Ilustrasi Tongkrongan Melayu Kopi Daun (Dokpri)

Menurut cerita orang tua-tua, sejak dahulu Indonesia dikenal sebagai negara penghasil kopi.  Tetapi, kaum penjajah hanya membolehkan pribumi minum daunnya. Sementara  biji kopi   mereka kirim ke negara Belanda.  Maka terciptalah istilah, “Melayu Kupi Daun”.  Orang Belanda minum kopi, orang Melayu minum daunnya.

Versi lain menyebutkan, dahulu nenek moyang orang Melayu minum daun kawo, karena mereka belum mengenal teh. Namun, saya belum menemukan  bukti sejarah yang mengukuhkan kedua  pernyataan tersebut.

Terlepas dari itu, ada fakta mencengangkan di balik nikmatnya minuman kawo sbuk kupi daun. Pada tahun 2014, penelitian di Inggris menemukan bahwa minuman daun kawo lebih sehat ketimbang teh dan biji kopi. Sebab, daun kawa mengandung senyawa yang bermanfaat mengurangi risiko penyakit jantung dan diabetes seperti Antioksidan, (coffeeland.co.id).

Tidak heran, minuman ini tetap eksis di kalangan masyarakat Indonesia, khususnya bagi masyarakat Melayu Kerinci.

Kumunitas penikmat kopi daun

Ilustrasi Tongkrongan Melayu Kopi Daun (Salah satu rumah tua tongkrongan penikmat kopi daun. Dokpri)

Di daerah domisili saya, setidaknya ada  4 desa yang masih kental dengan tradisi minum kawo sbuk kupi daun.

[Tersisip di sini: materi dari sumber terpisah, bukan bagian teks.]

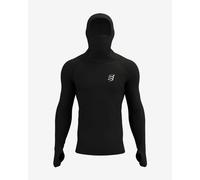 Maglia termica Compressport 3D Thermo UltraLight Racing manica larga nero - L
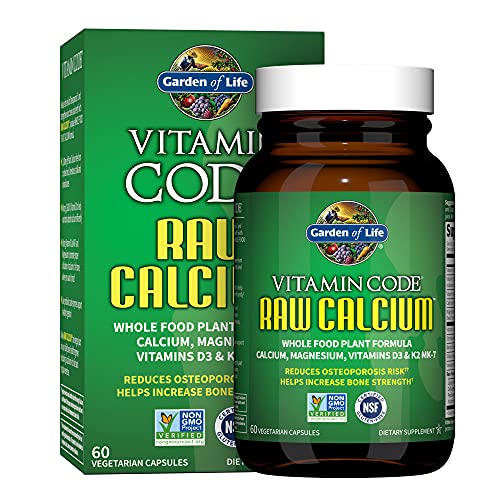 Garden of Life Raw Calcium Supplement for Women and Men 60 Capsules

Uniknya, warga setempat menikmatinya dengan cara tak biasa. Mereka bergabung dalam komunitas khusus. Anggotanya  antara 20-40 orang. Bahkan bisa lebih. Usia antara 40  sampai di atas 70-an tahun.

Dalam satu desa terdapat beberapa paguyuban penikmat kopi daun. Anggotanya bapak-bapak. Meskipun emak-emak juga hadir, jumlahnya tidak seberapa.

Setiap pagi, para personelnya  berkumpul   di sebuah rumah yang menyediakan layanan minum kawo. Kegiatan dimulai pukul 07 sampai 08 pagi.  Kehadiran mereka berbeda-beda. Yang datang dan pergi  tidak sekaligus.

Sebelum tamu hadir, tuan rumah terlebih dahulu menyiapkan peralatan yang diperlukan. Mulai wadah berisi air kopi daun, sampai cangkir kosong tempat minum.

Acara digelar di ruang dapur

Ilustrasi Tongkrongan Melayu Kopi Daun  (Sayak atau tempurung kelapa. Dokpri)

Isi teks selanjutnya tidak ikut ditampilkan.